No deduction for travel expenses was claimed on the original Schedule C for Northridge's activities. An amended Schedule C, however, reflects a deduction in the amount of $5,822 for travel expenses. During the audit, the Nortons submitted the following receipts to substantiate their claimed travel expenses:

Respondent allowed only $88 of the claimed $5,822. The Nortons failed to introduce at trial any evidence to support their claimed business travel expenses.

Section 274(d) requires strict substantiation for travel expenses. Here, the Nortons failed to provide documentation or other corroborating evidence to support their claimed travel expenses. Consequently, we conclude that the Nortons are not entitled to a deduction for travel expenses in an amount greater than allowed by respondent.

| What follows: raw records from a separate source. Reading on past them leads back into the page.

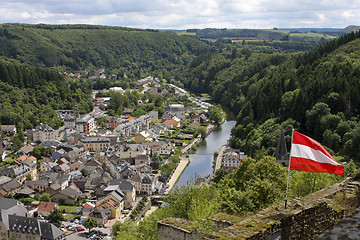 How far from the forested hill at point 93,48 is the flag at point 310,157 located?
13240 cm

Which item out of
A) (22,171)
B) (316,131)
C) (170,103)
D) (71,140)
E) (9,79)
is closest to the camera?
(316,131)

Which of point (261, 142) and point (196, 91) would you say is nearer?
point (261, 142)

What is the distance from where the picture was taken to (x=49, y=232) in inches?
1309

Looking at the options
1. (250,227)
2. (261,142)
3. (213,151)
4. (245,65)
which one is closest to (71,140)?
(213,151)

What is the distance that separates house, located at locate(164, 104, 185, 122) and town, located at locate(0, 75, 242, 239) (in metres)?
2.38

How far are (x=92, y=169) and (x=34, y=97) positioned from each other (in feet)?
122

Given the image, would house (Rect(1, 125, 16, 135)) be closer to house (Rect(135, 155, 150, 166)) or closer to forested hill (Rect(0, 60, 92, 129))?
forested hill (Rect(0, 60, 92, 129))

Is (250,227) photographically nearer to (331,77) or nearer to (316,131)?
(316,131)

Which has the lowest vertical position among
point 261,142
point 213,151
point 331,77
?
point 213,151

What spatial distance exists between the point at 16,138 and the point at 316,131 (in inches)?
1702

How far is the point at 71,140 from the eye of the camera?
6550 cm

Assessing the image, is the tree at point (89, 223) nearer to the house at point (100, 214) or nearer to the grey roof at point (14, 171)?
the house at point (100, 214)

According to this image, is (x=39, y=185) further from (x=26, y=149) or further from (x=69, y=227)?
(x=26, y=149)

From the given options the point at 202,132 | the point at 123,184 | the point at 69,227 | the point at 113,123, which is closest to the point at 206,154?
the point at 202,132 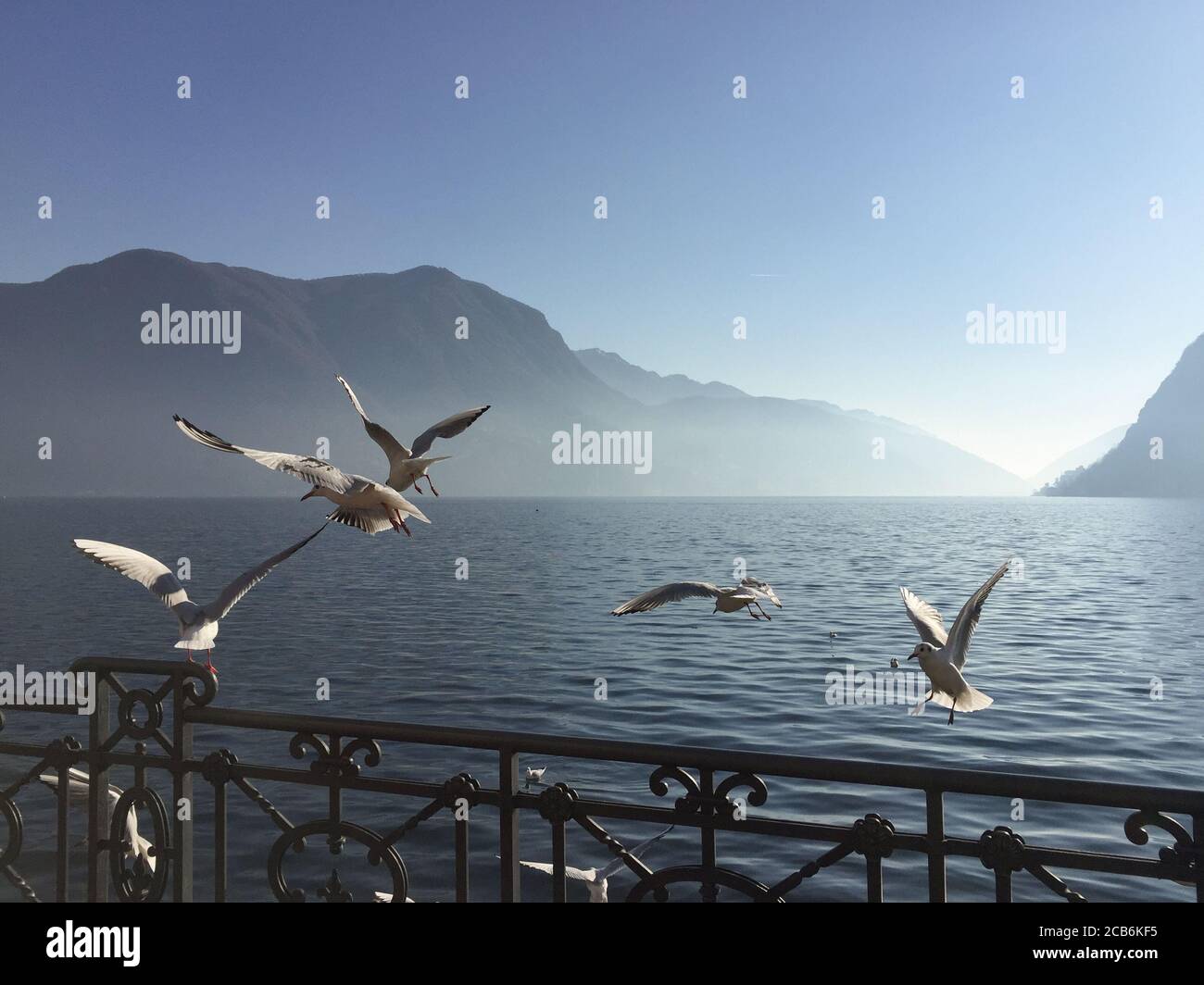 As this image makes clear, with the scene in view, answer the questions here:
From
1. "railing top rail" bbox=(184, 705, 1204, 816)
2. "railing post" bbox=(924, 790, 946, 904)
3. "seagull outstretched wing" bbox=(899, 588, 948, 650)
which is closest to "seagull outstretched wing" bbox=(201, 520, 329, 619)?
"railing top rail" bbox=(184, 705, 1204, 816)

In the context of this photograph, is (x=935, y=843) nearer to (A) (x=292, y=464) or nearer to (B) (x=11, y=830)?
(A) (x=292, y=464)

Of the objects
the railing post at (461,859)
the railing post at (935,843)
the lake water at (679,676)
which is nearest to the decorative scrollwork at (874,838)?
the railing post at (935,843)

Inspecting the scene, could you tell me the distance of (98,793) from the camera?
4.22 metres

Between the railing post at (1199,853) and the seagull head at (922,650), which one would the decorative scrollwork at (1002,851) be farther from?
the seagull head at (922,650)

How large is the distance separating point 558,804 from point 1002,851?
150cm

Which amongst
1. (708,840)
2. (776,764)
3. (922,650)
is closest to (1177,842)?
(776,764)

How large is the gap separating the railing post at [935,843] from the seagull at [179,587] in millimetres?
2715

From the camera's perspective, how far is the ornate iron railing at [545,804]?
2889 millimetres

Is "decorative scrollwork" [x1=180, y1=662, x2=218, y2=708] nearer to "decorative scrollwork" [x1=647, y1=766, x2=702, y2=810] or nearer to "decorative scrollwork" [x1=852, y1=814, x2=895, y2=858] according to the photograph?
"decorative scrollwork" [x1=647, y1=766, x2=702, y2=810]

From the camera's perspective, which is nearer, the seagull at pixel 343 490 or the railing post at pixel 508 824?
the seagull at pixel 343 490

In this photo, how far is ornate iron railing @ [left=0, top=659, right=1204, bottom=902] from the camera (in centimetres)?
289

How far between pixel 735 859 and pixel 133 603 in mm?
43340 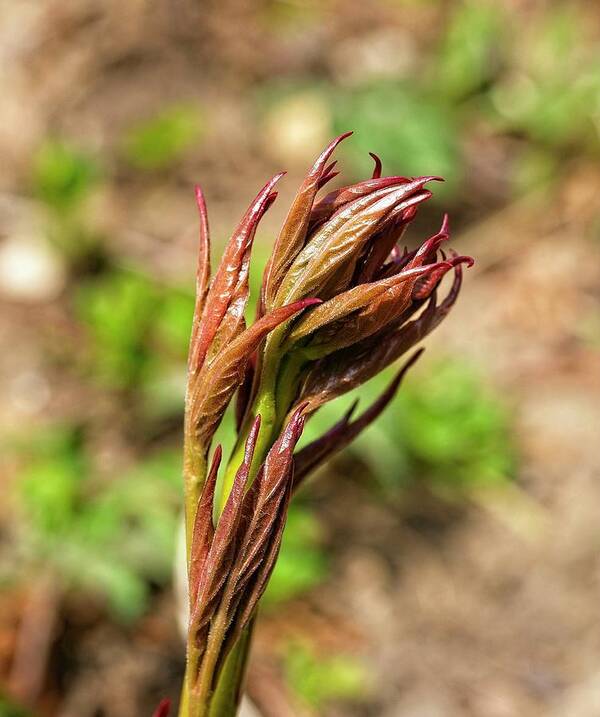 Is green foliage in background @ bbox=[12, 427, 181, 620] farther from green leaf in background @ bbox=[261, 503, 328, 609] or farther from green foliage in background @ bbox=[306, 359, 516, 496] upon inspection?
green foliage in background @ bbox=[306, 359, 516, 496]

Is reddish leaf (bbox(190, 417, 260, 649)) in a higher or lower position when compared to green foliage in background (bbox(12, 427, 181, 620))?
lower

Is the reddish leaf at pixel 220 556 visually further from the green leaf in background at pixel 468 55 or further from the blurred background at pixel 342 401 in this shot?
the green leaf in background at pixel 468 55

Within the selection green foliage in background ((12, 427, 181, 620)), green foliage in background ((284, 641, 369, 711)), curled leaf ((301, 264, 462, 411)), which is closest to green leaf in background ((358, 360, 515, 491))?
green foliage in background ((284, 641, 369, 711))

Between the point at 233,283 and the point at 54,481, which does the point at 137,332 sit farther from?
the point at 233,283

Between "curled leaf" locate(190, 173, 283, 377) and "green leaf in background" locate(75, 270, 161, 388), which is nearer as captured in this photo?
"curled leaf" locate(190, 173, 283, 377)

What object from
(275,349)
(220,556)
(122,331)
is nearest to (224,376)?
(275,349)

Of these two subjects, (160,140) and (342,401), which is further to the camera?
(160,140)

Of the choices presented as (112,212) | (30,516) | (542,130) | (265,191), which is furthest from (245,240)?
(542,130) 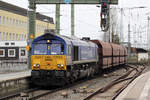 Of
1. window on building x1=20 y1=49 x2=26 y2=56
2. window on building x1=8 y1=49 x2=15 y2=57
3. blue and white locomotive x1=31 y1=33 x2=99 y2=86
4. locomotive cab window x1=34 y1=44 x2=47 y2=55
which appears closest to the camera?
blue and white locomotive x1=31 y1=33 x2=99 y2=86

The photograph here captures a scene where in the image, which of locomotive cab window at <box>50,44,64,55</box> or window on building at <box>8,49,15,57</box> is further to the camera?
window on building at <box>8,49,15,57</box>

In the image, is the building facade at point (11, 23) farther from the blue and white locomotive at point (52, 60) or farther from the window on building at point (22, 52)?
the blue and white locomotive at point (52, 60)

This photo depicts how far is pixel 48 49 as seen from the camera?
1780cm

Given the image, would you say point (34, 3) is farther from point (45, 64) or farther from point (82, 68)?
point (45, 64)

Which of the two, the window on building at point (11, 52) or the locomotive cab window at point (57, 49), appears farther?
the window on building at point (11, 52)

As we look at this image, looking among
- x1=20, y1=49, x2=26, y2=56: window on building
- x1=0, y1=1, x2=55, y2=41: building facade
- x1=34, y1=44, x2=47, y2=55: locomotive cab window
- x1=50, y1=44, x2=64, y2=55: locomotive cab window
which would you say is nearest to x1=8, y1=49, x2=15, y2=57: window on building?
x1=20, y1=49, x2=26, y2=56: window on building

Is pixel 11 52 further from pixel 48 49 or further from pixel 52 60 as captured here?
pixel 52 60

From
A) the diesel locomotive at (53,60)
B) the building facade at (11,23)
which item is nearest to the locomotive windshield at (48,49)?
the diesel locomotive at (53,60)

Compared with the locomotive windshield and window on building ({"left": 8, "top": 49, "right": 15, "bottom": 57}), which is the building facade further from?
the locomotive windshield

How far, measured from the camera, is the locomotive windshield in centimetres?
1759

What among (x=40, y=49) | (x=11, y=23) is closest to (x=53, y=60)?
(x=40, y=49)

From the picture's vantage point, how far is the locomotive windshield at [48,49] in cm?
1759

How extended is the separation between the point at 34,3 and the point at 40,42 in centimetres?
952

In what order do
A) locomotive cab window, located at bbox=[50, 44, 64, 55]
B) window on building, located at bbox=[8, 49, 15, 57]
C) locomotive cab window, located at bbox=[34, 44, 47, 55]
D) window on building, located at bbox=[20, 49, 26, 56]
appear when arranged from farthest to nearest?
window on building, located at bbox=[20, 49, 26, 56]
window on building, located at bbox=[8, 49, 15, 57]
locomotive cab window, located at bbox=[34, 44, 47, 55]
locomotive cab window, located at bbox=[50, 44, 64, 55] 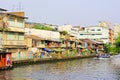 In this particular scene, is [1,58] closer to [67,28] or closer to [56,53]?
[56,53]

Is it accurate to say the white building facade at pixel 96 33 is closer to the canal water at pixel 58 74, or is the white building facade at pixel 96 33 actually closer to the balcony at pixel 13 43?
the balcony at pixel 13 43

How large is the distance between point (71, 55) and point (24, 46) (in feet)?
114

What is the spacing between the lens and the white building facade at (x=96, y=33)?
152 meters

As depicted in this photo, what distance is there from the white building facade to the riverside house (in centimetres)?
8323

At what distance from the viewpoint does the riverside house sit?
61.9 meters

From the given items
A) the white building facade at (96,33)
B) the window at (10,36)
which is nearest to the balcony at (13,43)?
the window at (10,36)

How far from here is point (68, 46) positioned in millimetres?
105625

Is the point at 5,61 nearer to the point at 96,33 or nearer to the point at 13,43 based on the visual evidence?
the point at 13,43

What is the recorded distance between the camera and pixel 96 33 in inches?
6043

Issue 2. Taxability of Settlement Proceeds From Fishing Lawsuit

On June 7, 1986, Mr. Norton was fishing for herring on Norton Sound by means of a beach seine. The open period for herring fishing on that date was 3 hours. While Mr. Norton and his crew were hauling in herring, they were informed by State Trooper John Harman (Officer Harman) that because the lead line was not fully on the beach as of the end of the 3-hour fishing period, they had to release their catch. Despite vigorously disputing Officer Harman's claim, Mr. Norton complied. As a result, Mr. Norton was dispossessed of approximately 150 tons of herring valued in excess of $100,000 and was denied "fish tickets", which are used for the subsequent assignment of limited entry fishing permits. (These permits are awarded by the Alaska Limited Entry Fisheries Commission (the commission) based upon the amount of fish landed and allow commercial fishermen to maintain and expand their fishing privileges.)

On June 2, 1988, Mr. Norton filed a lawsuit against Officer Harman (both individually and as a trooper of the State of Alaska Department of Public Safety, Division of Fish and Wildlife Protection) and the State of Alaska (the Harman lawsuit), seeking monetary and declaratory relief. The complaint contained six counts: (1) Trespass to chattels; (2) conversion; (3) negligence; (4) punitive damages; (5) deprivation of civil rights; and (6) a declaratory judgment seeking adjudication of Mr. Norton's fishing rights.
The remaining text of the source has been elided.